# Conicals vs. Sabots



## colorcountrygunner (Oct 6, 2009)

Looking for opinions here. Which bullet style gives a hunter the most advantages. I know that sabots with their light weights would shoot a little flatter and conicals being heavier will hit harder and therefore have more killing power.

I just got done looking at ballistics charts for a 425 grain Great Plains conical and sighted in at 2.5 inches high at 50 yards it will drop about 9 inches at 150. The chart for a 240 grain sabot showed that when sighted in at 2.5 inches high at 50 yards will drop about 8 inches at 175. 

Judging from this it doesn't look like the extra range you would get from a sabot is really that great. Do any of you who have a wealth of hunting experience with both bullet styles disagree? Have you successfully taken much longer shots on game with a sabot than a conical?

Also how do the two compare in terms of stopping power? Does it seem that sabots don't have enough punch to get the job done at longer ranges? What would you consider the maximum effective ranges of each bullet style? I have taken two deer with conicals and two deer with sabots but the furthest shot of any of these deer was about 80 yards so I can't very well judge how the two compare at long ranges. 

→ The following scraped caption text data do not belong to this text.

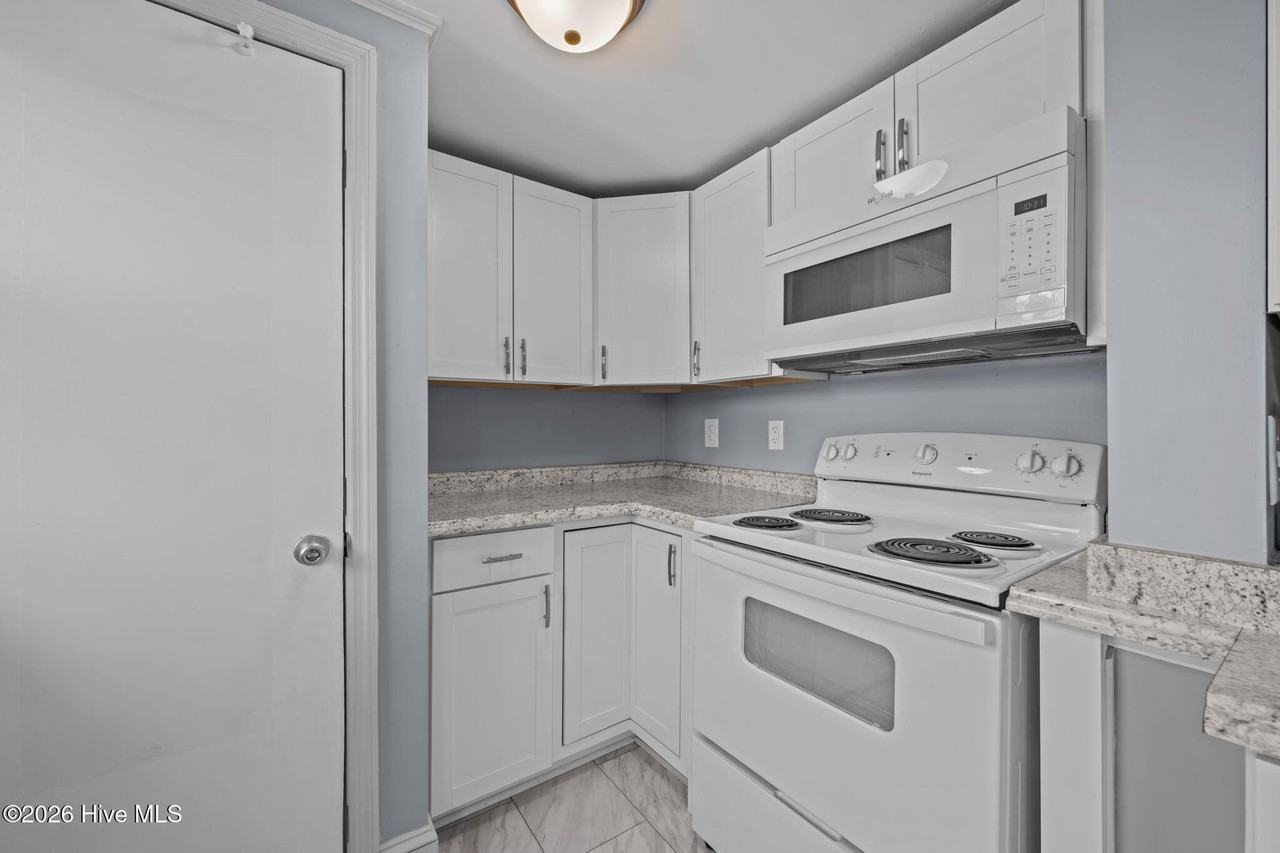 411 George St Unit 2 #2 - Photo 5 of 20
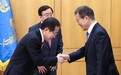 尴尬！文在寅被当面质问：想让朴槿惠牢底坐穿？ 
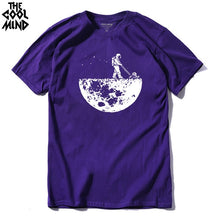 Load image into Gallery viewer, MOON PRINT TSHIRT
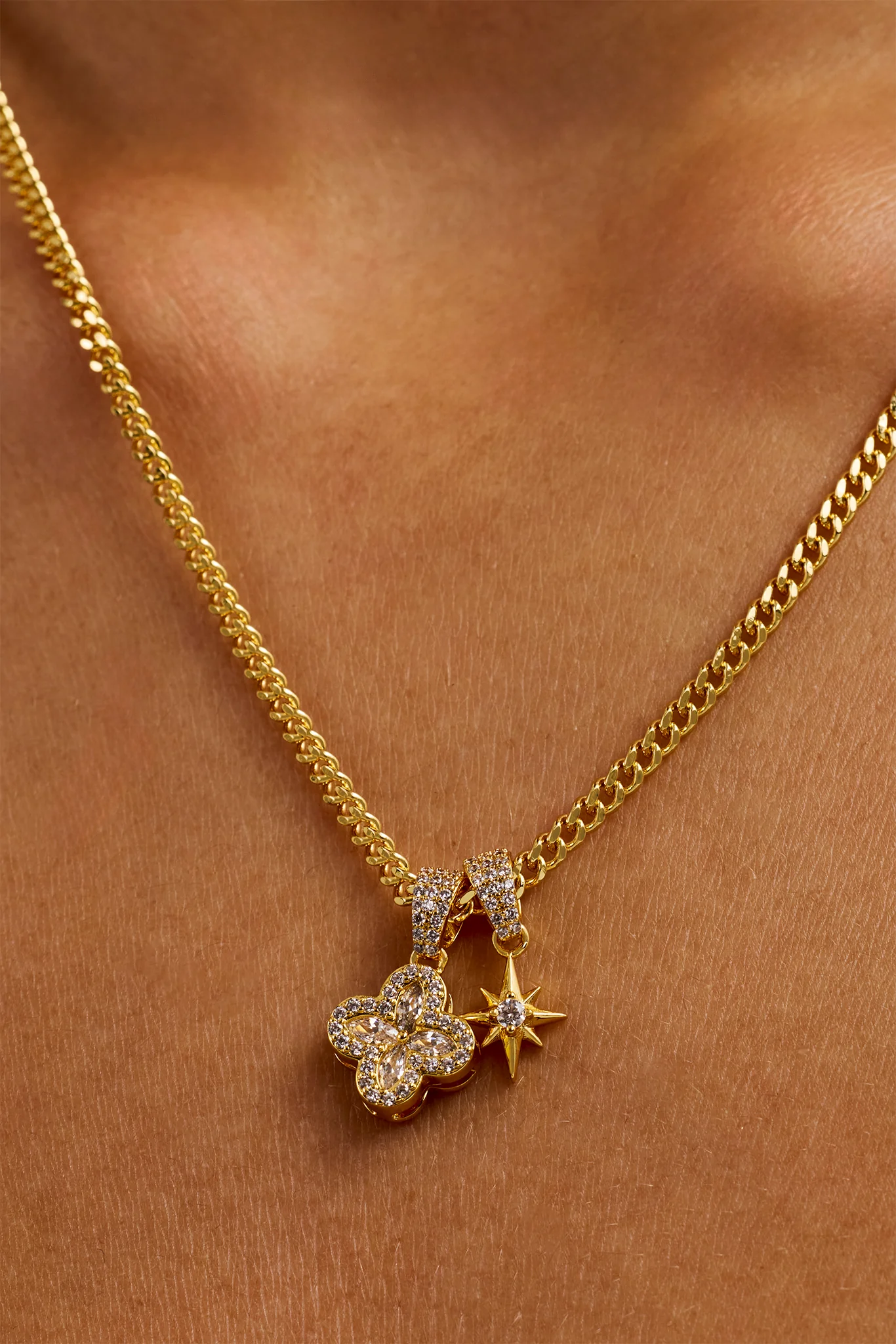 Starburst & Motif Pendant Necklace - 10mm - Gold - Image 2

Any input you can offer would be great.


----------



## Bo0YaA (Sep 29, 2008)

I took my deer this year at 200 yards. I used a 250gr Hornady XTP in a sabot. I used 100gr triple 7 which put my muzzle velocity at close to 2000fps (26 inch barrel). I sighted my gun 3 inches high at 100 which put me -7 at 200 yards. According to the charts that bullet only had about 940 ft lbs of energy left when it hit that deer which was quartering away. The bullet entered under the 1st rib and traveled the length of the deer exiting the chest. 
I have since put together loads (on paper) that should preform much better then that load. SO to answer your question, stopping power is not an issue out to the ranges you can see with a 1x scope or open sights. Maximum range, I would say the effective range of the bullet all depends on what you want to 0 it for. Ive got a load that 0 at 230 yards only puts it -11 at 300 yards with more then enough energy to kill. The question is can you see your target at 300 yards.


----------



## xxxxxxBirdDogger (Mar 7, 2008)

They both work great. Conicals have dropped them dead_er_ in their tracks in my experience.


----------



## Bears Butt (Sep 12, 2007)

My preferred big game bullet is the same 425 Great Plains you mention. I push it with 90 grains of FFg blackpowder. If I go to 100 gr, it flys all over the place, Under 90 and it flys as well.
I've been shooting them for 25 years with very good results.
I have never shot a sabot, that I can recall. For smaller game, like coyote and fox I would think a sabot shot at long range would be just fine.
I have friends that shoot sabots and have had good results bringing home the deer and elk. All have been shot under 100 yards distance.


----------



## mikevanwilder (Nov 11, 2008)

I personally use the Hornady SSTs in 250 gr and love them I have taken deer and this year took my big bull with it and it performed beautifuly. 
Hornady also makes a projectile that is simalier as a conical in the FPBs. I was going to try them but figured I was good with my current situation that I would wait. But they do look like they would be a good bullet as they don't need a sabot and they have a polymer tip to help with drag and expansion. It comes in a 300 and 350 gr size.
http://www.hornady.com/store/50-Cal-300-gr-FPB/


----------



## muzzlehunter (Nov 29, 2009)

The best thing I could add is try a few different bullets, each rifle will shoot different. And you may find that you prefer one over the other. Ive never liked cleaning after each shot with sabots, when in the field I would like to reload as fast as possible for a second shot. Great plains bullet is one of the best, shot that for years. The only thing I never liked was they mushroom to fast, never an exit wound. The fpb, being a copper jacketed bullet gets complete pass through. Everybody has there own oppinion, and all great advise. Find what fits your needs, get out and shoot and enjoy.


----------